MOSCOW – Harimau Jawa (Panthera tigris sondaica) adalah kerabat Sabertooth kucing besar yang hidup pada era zaman es.
Baru-baru ini, seekor anak kucing bertaring pedang beku ditemukan pada keadaan mumi di tempat Siberia dengan cakar serta bulunya masih utuh.
Sesekali, bukti hewan punah pada masa lalu terungkap terhadap para ahli pasca terungkap – salah satunya adalah penemuan hiu megalodon pada bawah sebuah sekolah dalam Los Angeles baru-baru ini.
Sekarang, di area Siberia, para ilmuwan sudah menghasilkan penemuan luar biasa setelahnya menemukan sisa-sisa beku kucing bertaring pedang.
Sisa-sisa yang digunakan “sangat langka” itu diperkirakan berusia sekitar 31.800 tahun lalu meliputi kepala hewan, lengan depan kemudian kaki, juga bagian dadanya.
Ditemukan pada tahun 2020, terawetkan di dalam lapisan es Arktik di tempat tepi Sungai Badyarikha pada Yakutia dalam Siberia juga para ahli telah dilakukan mengungkapkan penelitian pertama di tempat dunia mereka di sebuah studi baru .
Para peneliti berkata: “Untuk pertama kalinya pada sejarah paleontologi, penampakan mamalia punah yang mana tidaklah memiliki analogi pada fauna modern telah dilakukan dipelajari.”
Tim dari AV Lopatin dari Akademi Bidang Studi Pengetahuan Rusia dalam Moskow, dan juga rekan-rekan lainnya, meyakini hewan itu berusia sekitar tiga minggu juga membandingkan komposisi kemudian proporsi tubuhnya dengan anak singa modern pada usia yang sama.
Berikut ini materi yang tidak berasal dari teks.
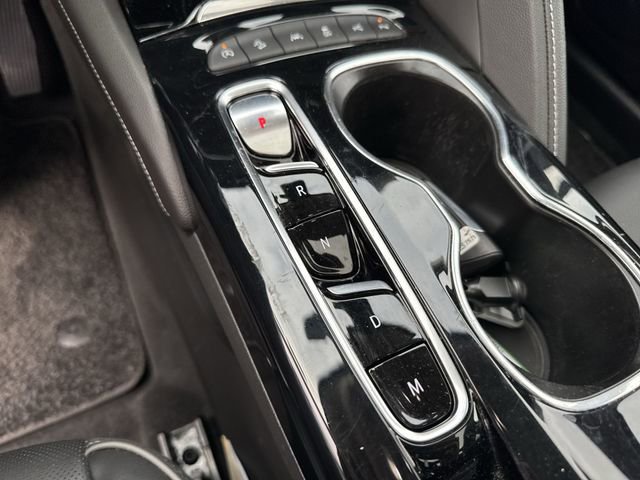 Used 2023 Buick Envision Avenir image 16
“Perbedaan signifikan” terlihat pada sisa-sisa yang tersebut diawetkan, termasuk kaki yang tersebut lebih tinggi lebar, telinga yang mana tambahan kecil, “bukaan mulut yang dimaksud besar” juga “daerah leher yang digunakan sangat besar”.
Penelitian yang disebutkan menjelaskan: “Perbedaan ketebalan [leher] disebabkan oleh besarnya jumlah otot, yang digunakan dapat diamati secara visual dalam lokasi pemisahan lapisan kulit dari daging mumi.”
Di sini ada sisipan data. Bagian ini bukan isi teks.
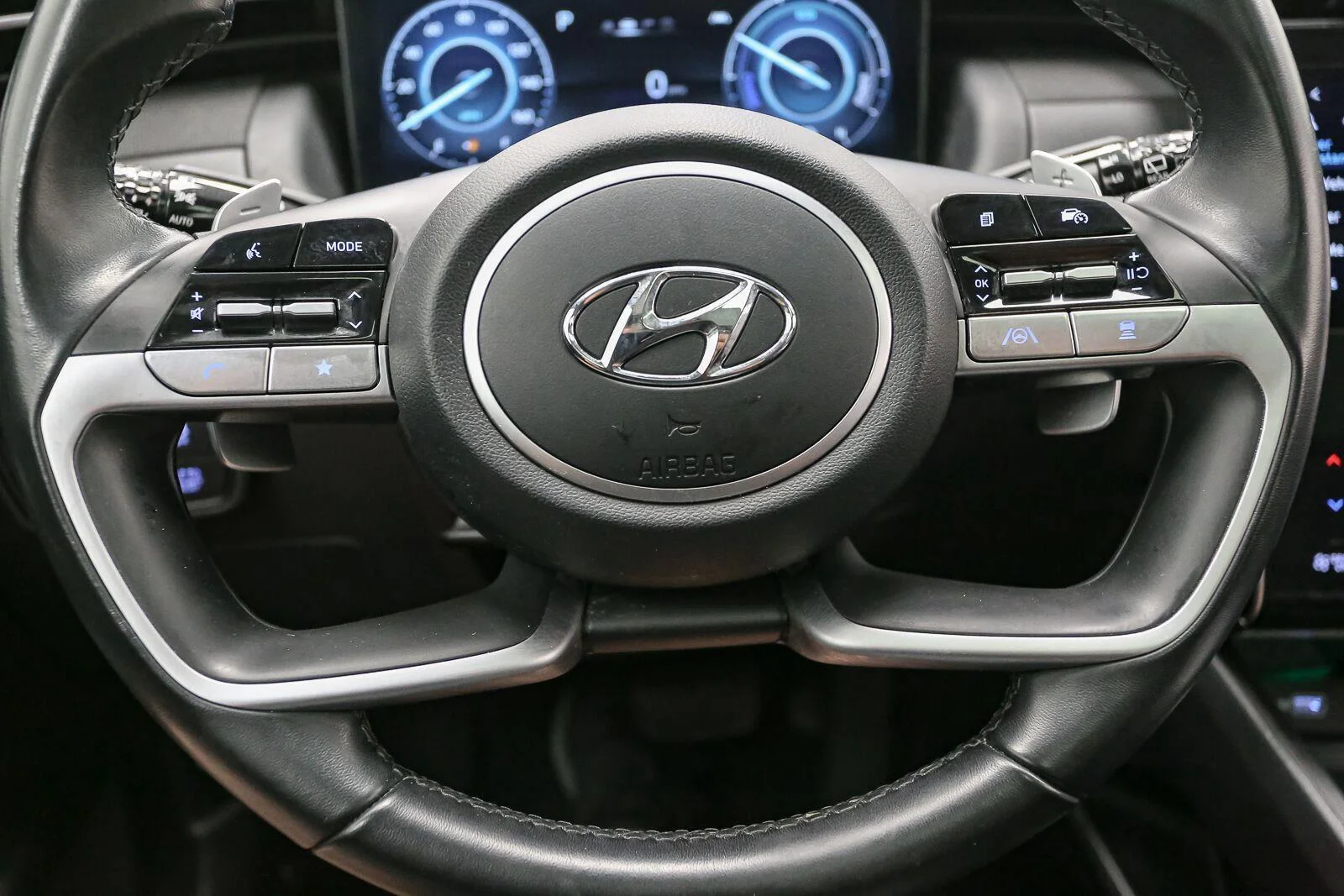 Used 2023 Amazon Gray Hyundai SEL Convenience image 39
Kucing bertaring pedang juga tampaknya tidaklah memiliki bantalan karpal (juga dikenal sebagai peredam kejut), yang dimaksud menurut para ahli kemungkinan besar merupakan adaptasi yang mana terkait dengan berjalan pada melawan salju atau es.
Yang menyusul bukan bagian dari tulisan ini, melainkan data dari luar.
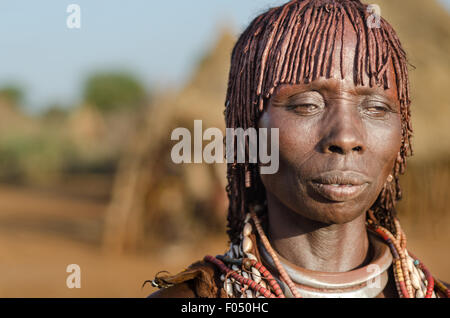 TURMI, ÉTHIOPIE - 12 août : portrait de femme tribu Hamer non identifiés, vallée de l'Omo. Le peigne généralement femme Hamer Banque D'Images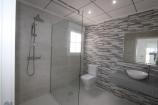 4-Bett-Luxus-Neubauvilla mit Grundstück und Pool in Real Estate Alicante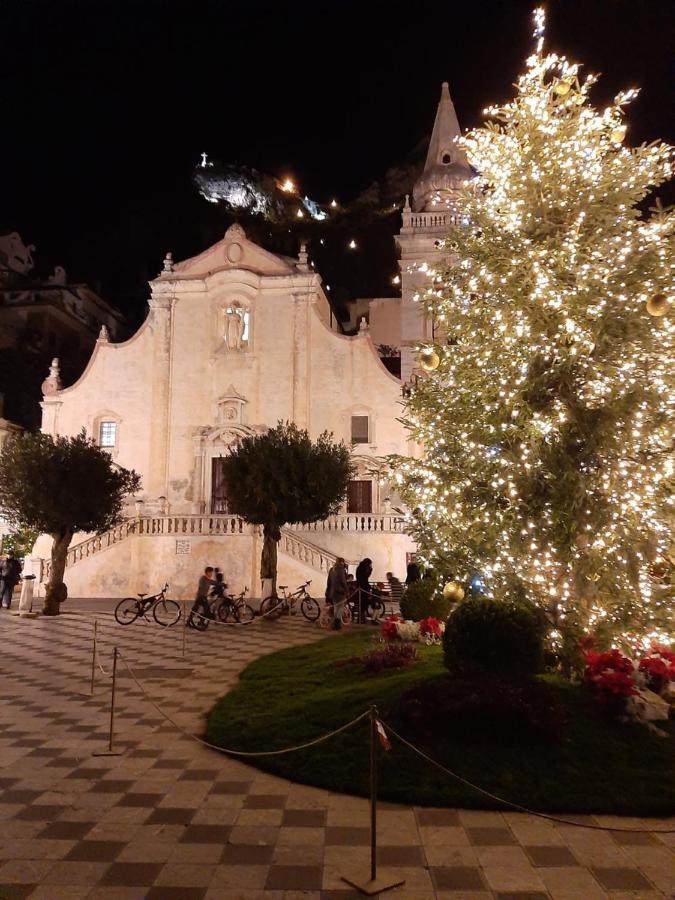 Taormina Private Apartment By Fragranza Di Sicilia ภายนอก รูปภาพ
Para ahli telah terjadi menegaskan bahwa kucing yang dimaksud memiliki karakteristik yang digunakan mirip dengan genus Homotherium, kucing bertaring pedang, yang dimaksud diperkirakan hidup dalam Amerika Utara kemudian Eropa 12 jt hingga 10.000 tahun yang dimaksud lalu.